WBO世界ミニマム級王者の福原辰弥(28=本田フィットネス)が24日、同級1位山中竜也(22=真正)との初防衛戦(27日、熊本・芦北町民総合センター)を前に熊本市内で予備検診を行った。

 2月末の暫定王座決定戦で同級1位モイセス・カジェロスを判定で下し、4月に、同級王者高山勝成のアマチュア転向宣言によるプロ引退で正規王者となった。それもあってか、浮かれた様子は皆無。王座奪取の自分へのご褒美は約3万円の腕時計だけで、今も熊本市内のゲームセンターに時給830円で籍を置き、休職して初防衛を目指す。
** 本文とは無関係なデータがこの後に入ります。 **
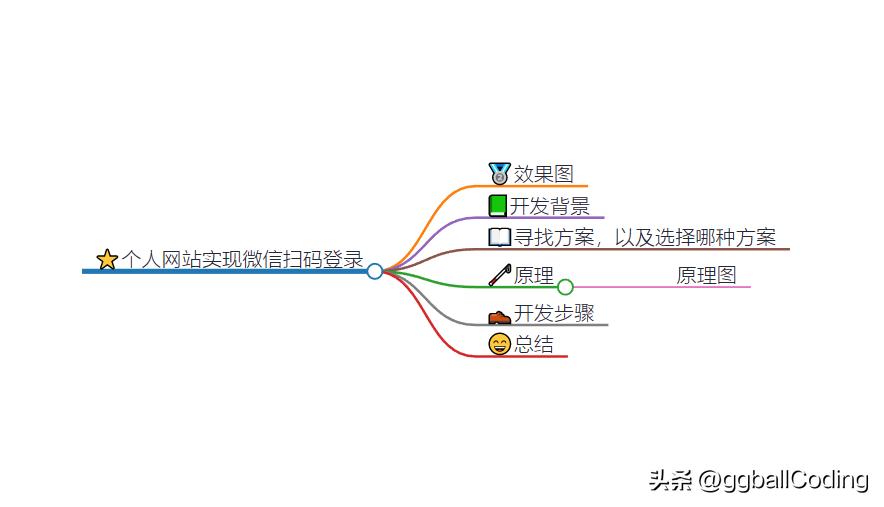 pc端网站使用微信扫码登录流程,网站扫码登录公众号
 サウスポーの王者は、山中について「足が使えて、カウンターを取るのがうまい。持ち味を出させないようにしたい。(KOは)流れの中でチャンスがあれば…」。ベルト奪取後は体幹強化に努めながら、山中を想定して右のアウトボクサーと100ラウンド超のスパーリングを消化した。

 16年4月の熊本地震で被災した。世界王者になると、同じ被災者の人たちに「力もらったよ」と声をかけられた。トランクスには今も「がんばろう熊本」の文字が光る。「僕なんか、世界チャンピオンの中ではまだまだ下の方ですから」。謙虚な庶民派チャンプが初防衛戦をクリアすれば、9月9日に同い年の恋人と観に行くミスターチルドレンの熊本ライブがご褒美になる。